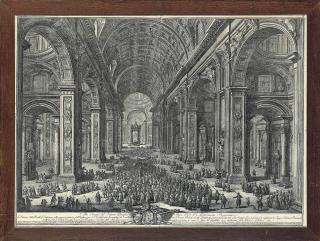 Giuseppe Vasi - Il prospetto della Citta Leonina, che si vede colla Basilica Vaticana, Ponte, e S. Angelo; and L\'Interno della Basilica Vaticana colla rappre sentanza dell\' Ordine, con cui L\'Ecclesiastica Gerarchi de Cardinali Arcivescori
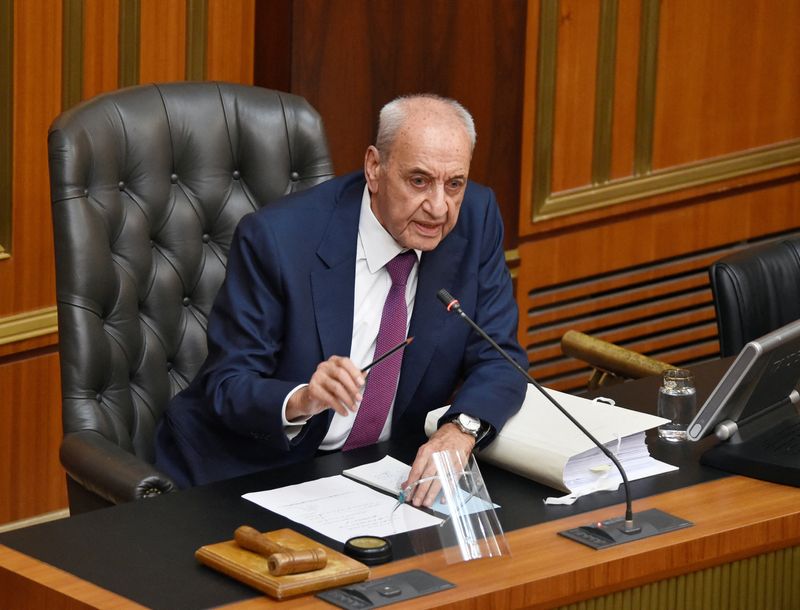 &copy; Reuters. رئيس البرلمان اللبناني نبيه بري يتحدث خلال جلسة للبرلمان في بيروت يوم 16 سبتمبر أيلول 2022. صورة لرويترز من البرلمان اللبناني. (يحظر إعادة بيع ا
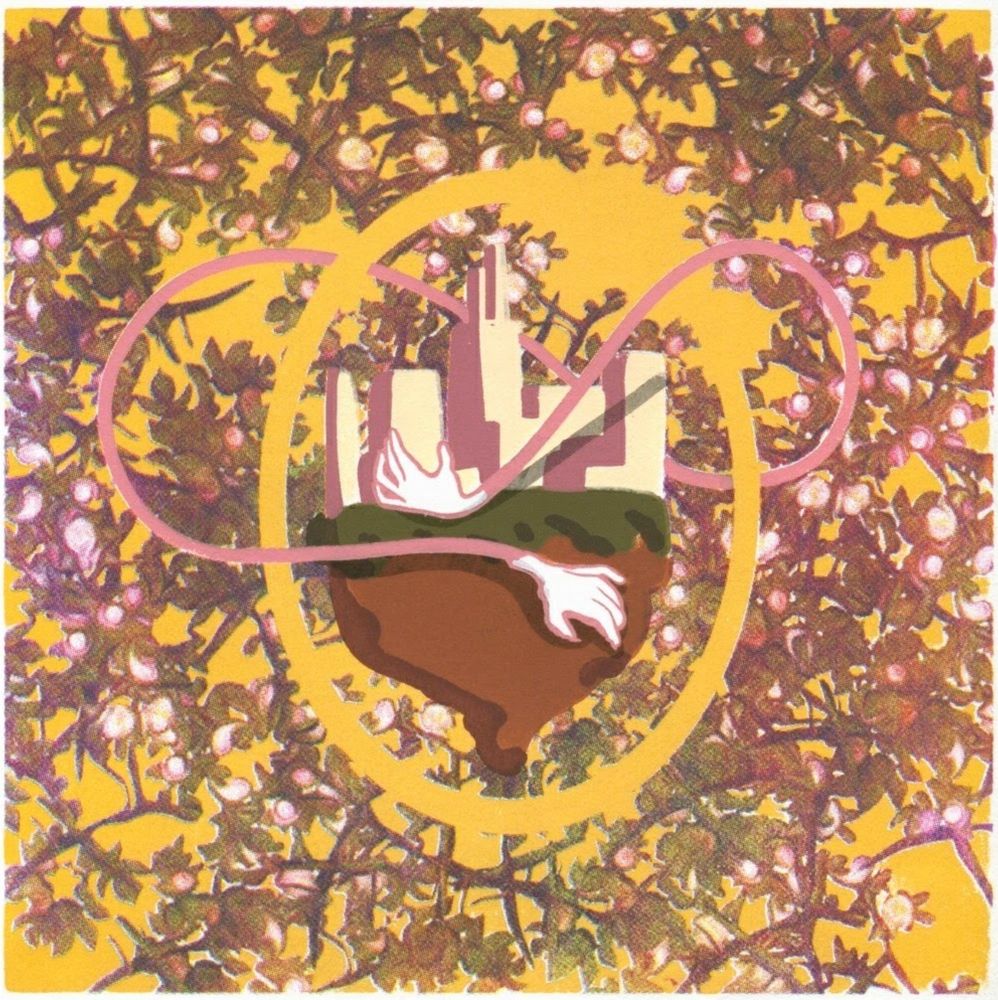 A yellow and pink screen print. Foliage background with some flowers. A floating city is being held by noodley arms in the shape of an infinity symbol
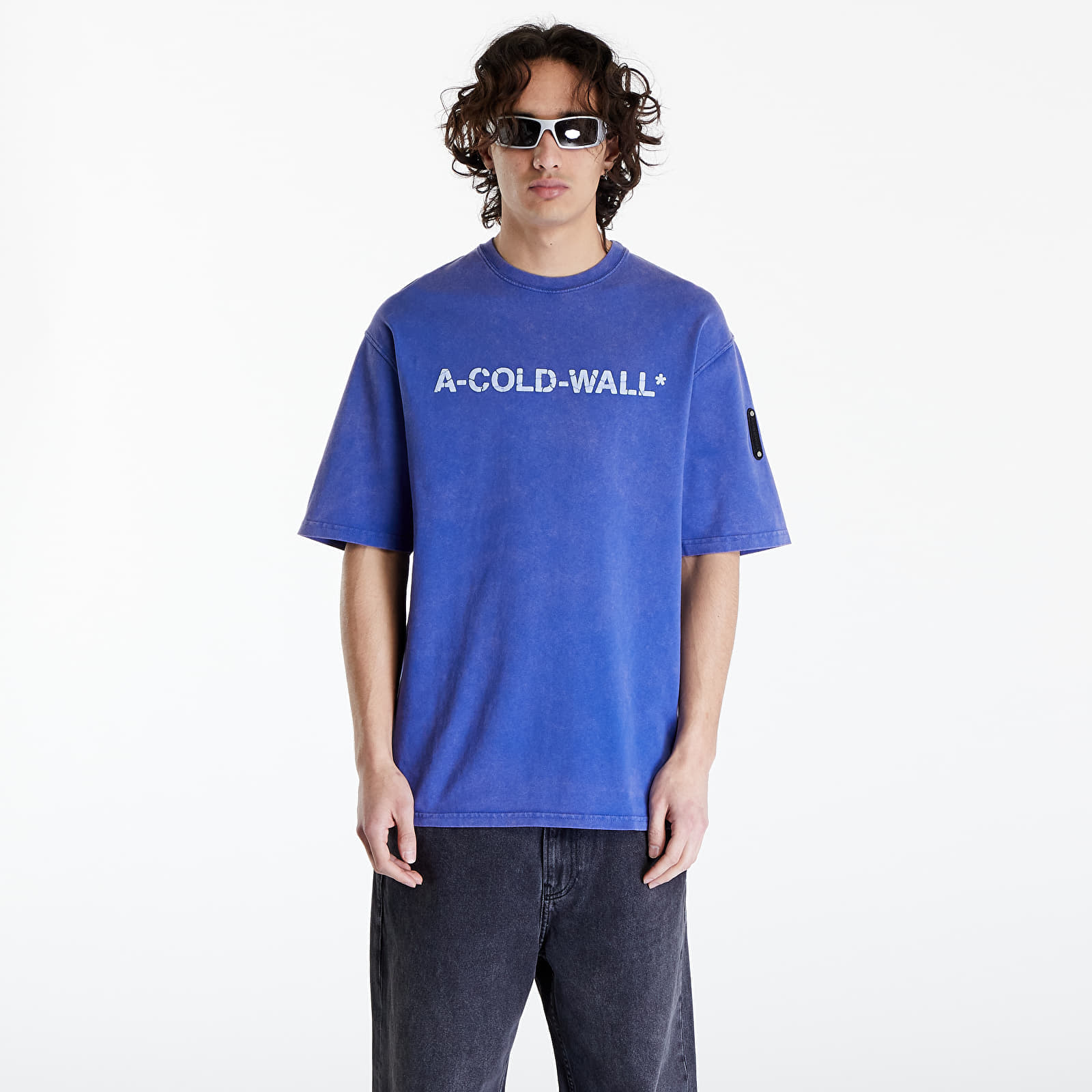 Тениски A-COLD-WALL* Overdye Logo T-Shirt Volt Blue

*Task description*: Return the material exactly as given, apart from the pictures.

*Written reply*:
 Giuseppe Vasi - Il prospetto della Citta Leonina, che si vede colla Basilica Vaticana, Ponte, e S. Angelo; and L\'Interno della Basilica Vaticana colla rappre sentanza dell\' Ordine, con cui L\'Ecclesiastica Gerarchi de Cardinali Arcivescori
 &copy; Reuters. رئيس البرلمان اللبناني نبيه بري يتحدث خلال جلسة للبرلمان في بيروت يوم 16 سبتمبر أيلول 2022. صورة لرويترز من البرلمان اللبناني. (يحظر إعادة بيع ا
 A yellow and pink screen print. Foliage background with some flowers. A floating city is being held by noodley arms in the shape of an infinity symbol
 Тениски A-COLD-WALL* Overdye Logo T-Shirt Volt Blue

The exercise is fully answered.